(Web page caption snippets)
○ ○ ○ ○ ○ ○ ○
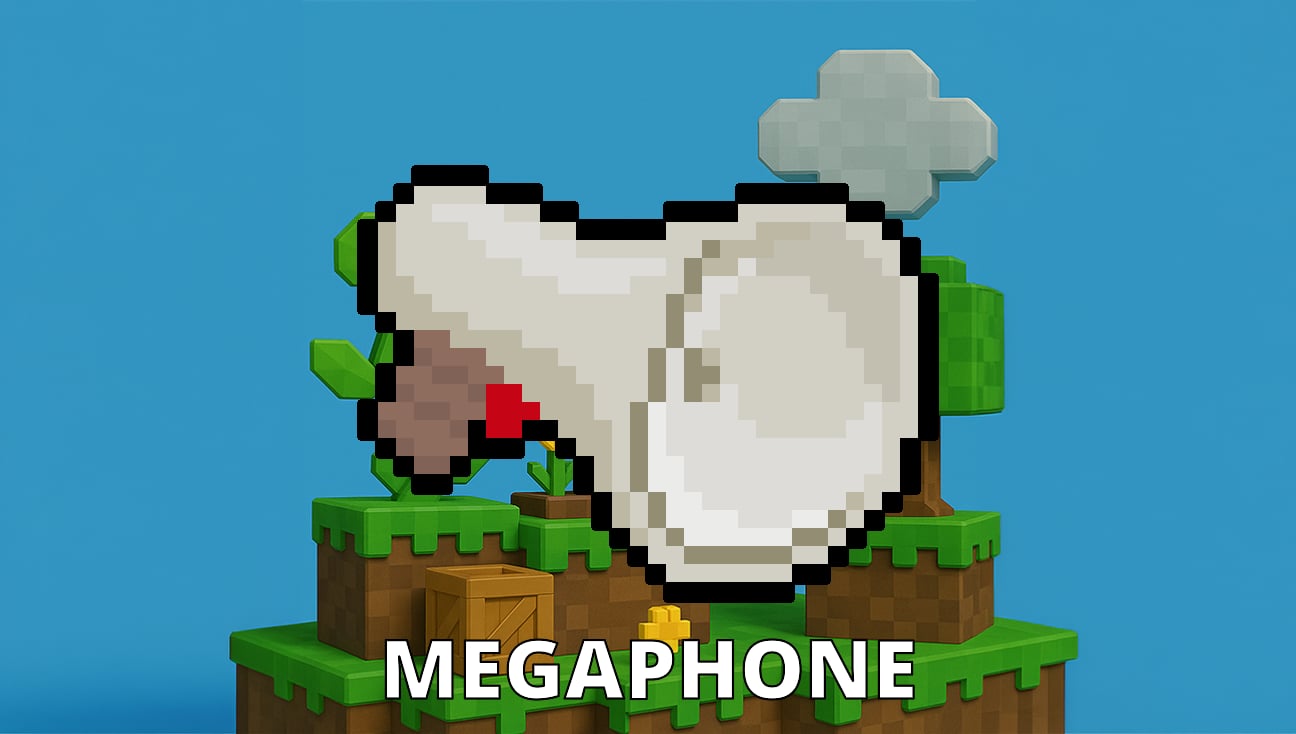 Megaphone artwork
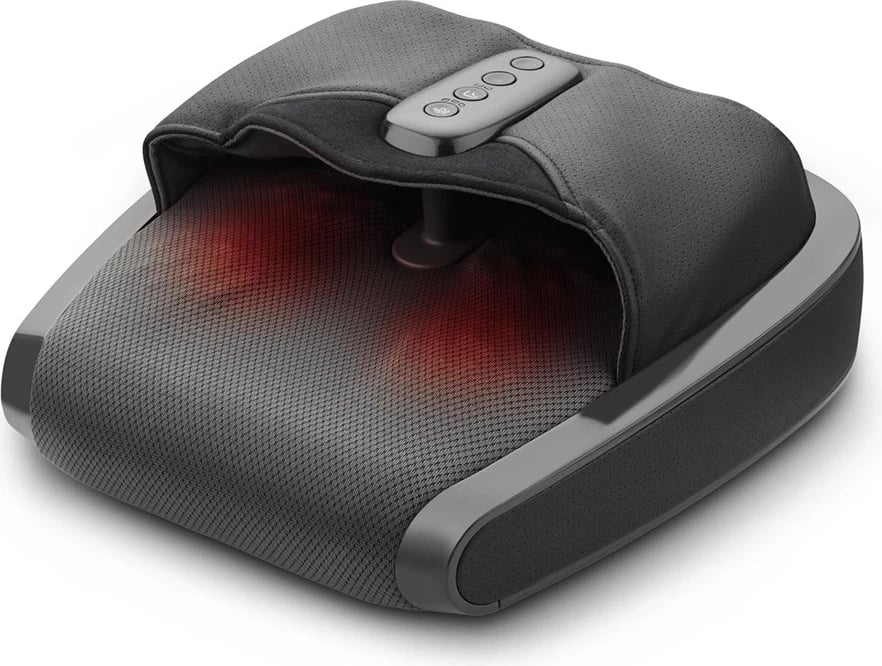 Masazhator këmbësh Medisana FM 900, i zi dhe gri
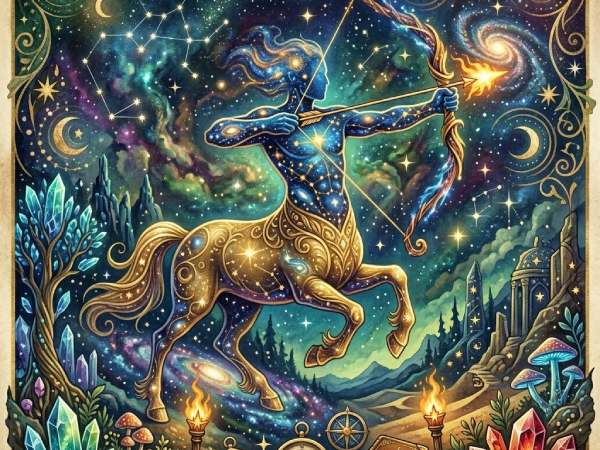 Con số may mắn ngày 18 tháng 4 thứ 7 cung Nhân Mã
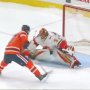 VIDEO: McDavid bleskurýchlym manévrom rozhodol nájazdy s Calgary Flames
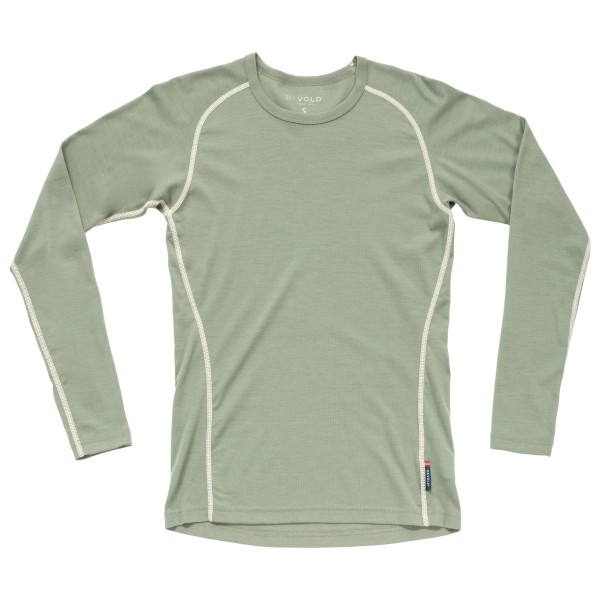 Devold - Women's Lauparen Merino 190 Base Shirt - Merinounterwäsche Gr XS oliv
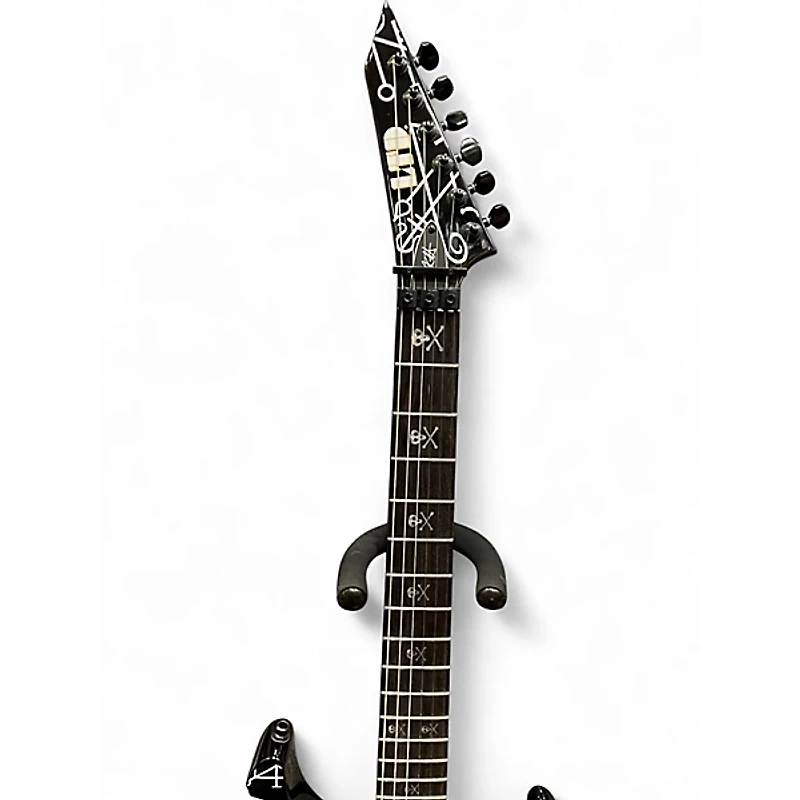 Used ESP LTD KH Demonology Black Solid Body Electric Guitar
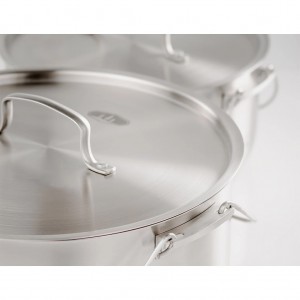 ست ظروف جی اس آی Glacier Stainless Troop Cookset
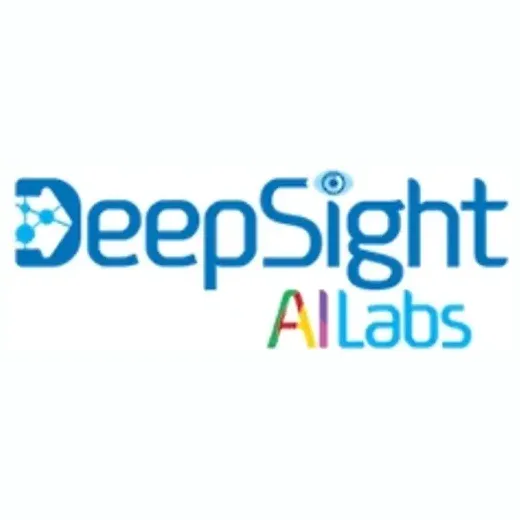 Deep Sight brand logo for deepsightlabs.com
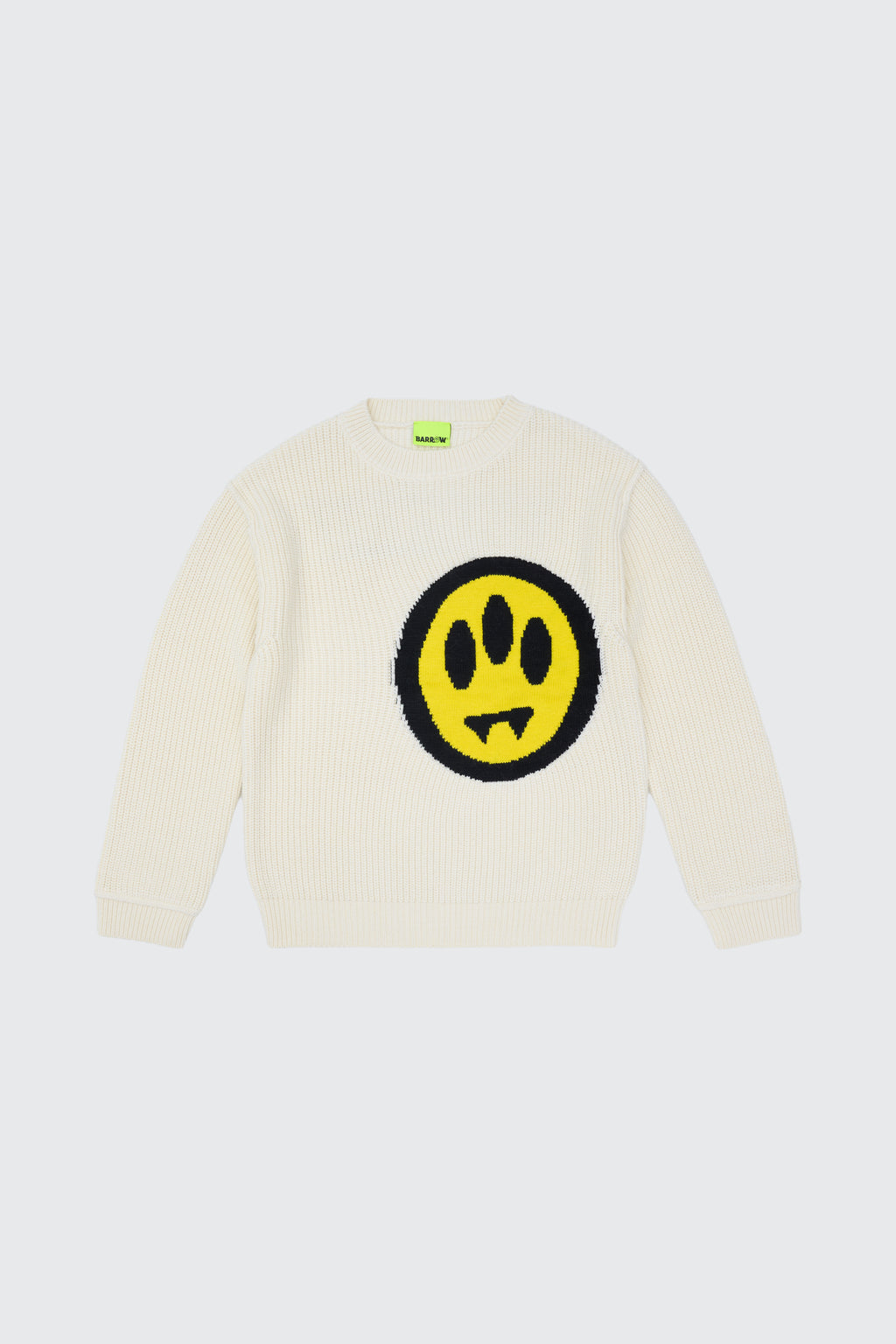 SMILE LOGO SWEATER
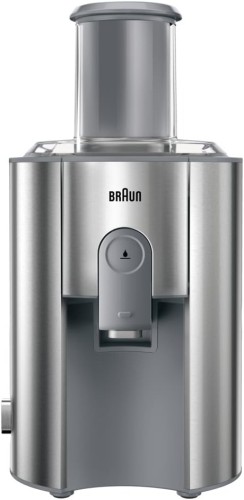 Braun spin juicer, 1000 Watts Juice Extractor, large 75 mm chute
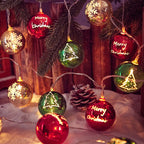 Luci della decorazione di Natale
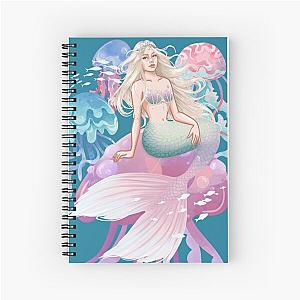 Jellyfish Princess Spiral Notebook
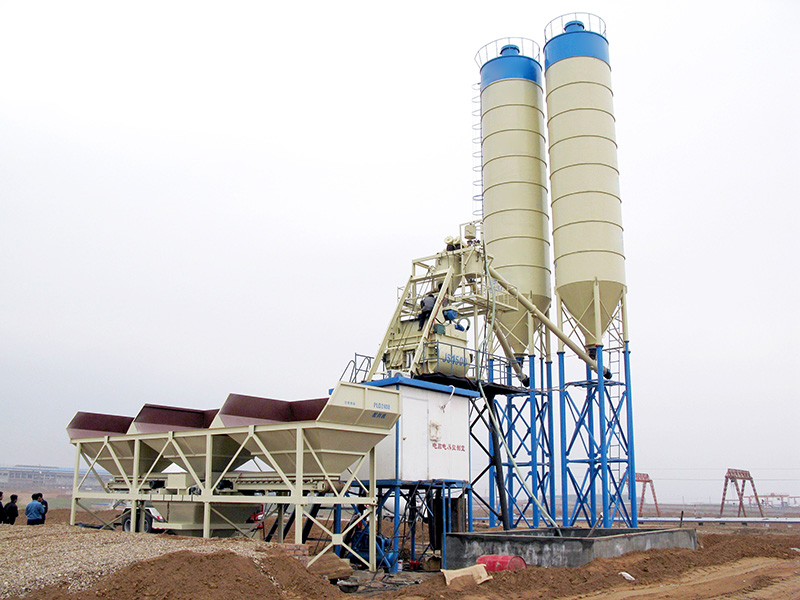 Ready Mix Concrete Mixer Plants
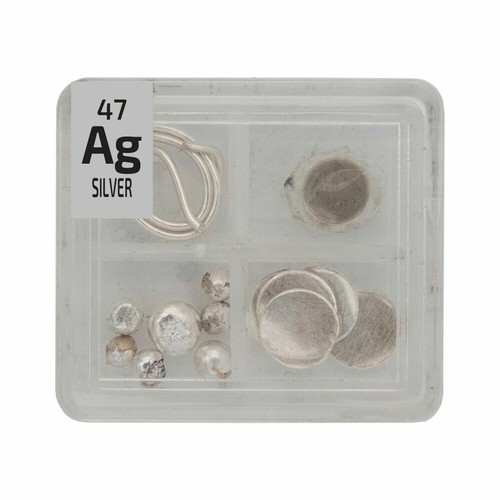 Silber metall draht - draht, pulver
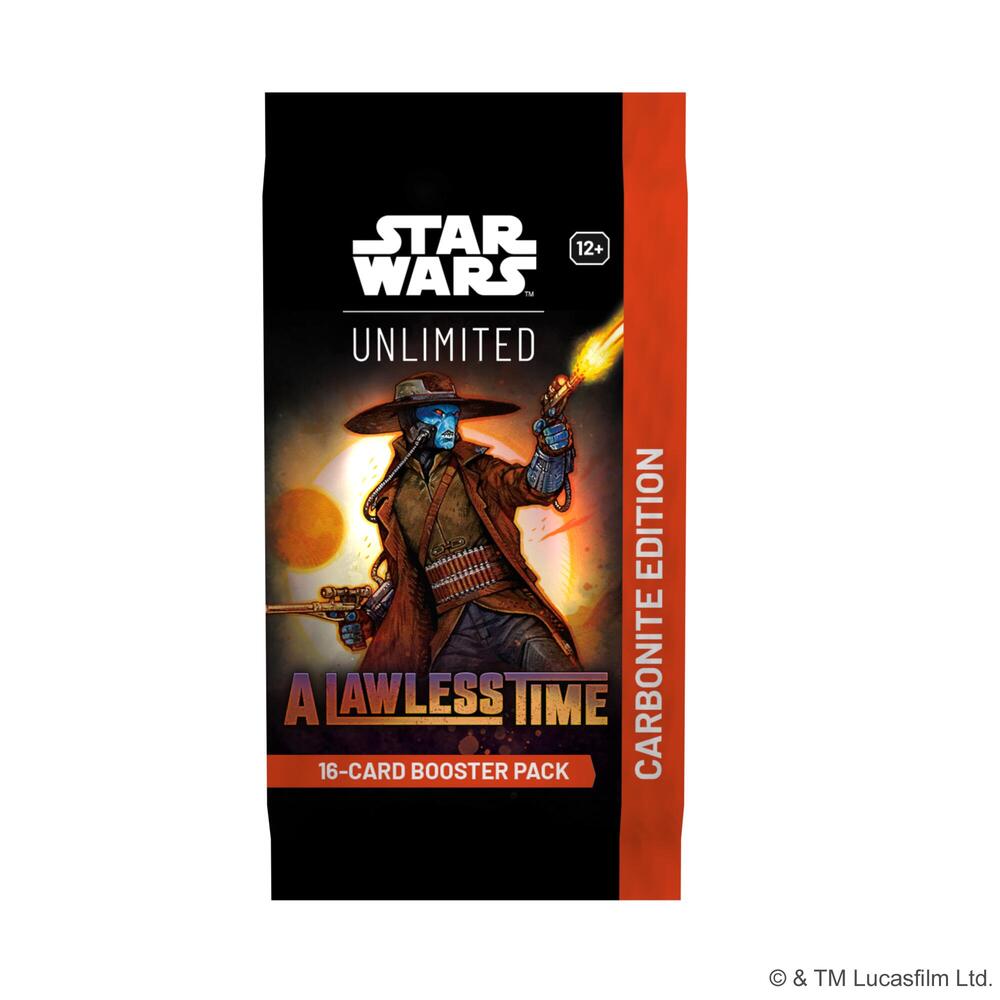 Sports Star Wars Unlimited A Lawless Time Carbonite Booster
○ ○ ○ ○ ○ ○ ○
**Task to carry out:**
In the entries above, find the line containing "Used ESP LTD" and the line containing "Ready Mix Concrete Mixer Plants", then copy both and every line between them exactly, without any picture.

**Completed exercise:**
 Used ESP LTD KH Demonology Black Solid Body Electric Guitar
 ست ظروف جی اس آی Glacier Stainless Troop Cookset
 Deep Sight brand logo for deepsightlabs.com
 SMILE LOGO SWEATER
 Braun spin juicer, 1000 Watts Juice Extractor, large 75 mm chute
 Luci della decorazione di Natale
 Jellyfish Princess Spiral Notebook
 Ready Mix Concrete Mixer Plants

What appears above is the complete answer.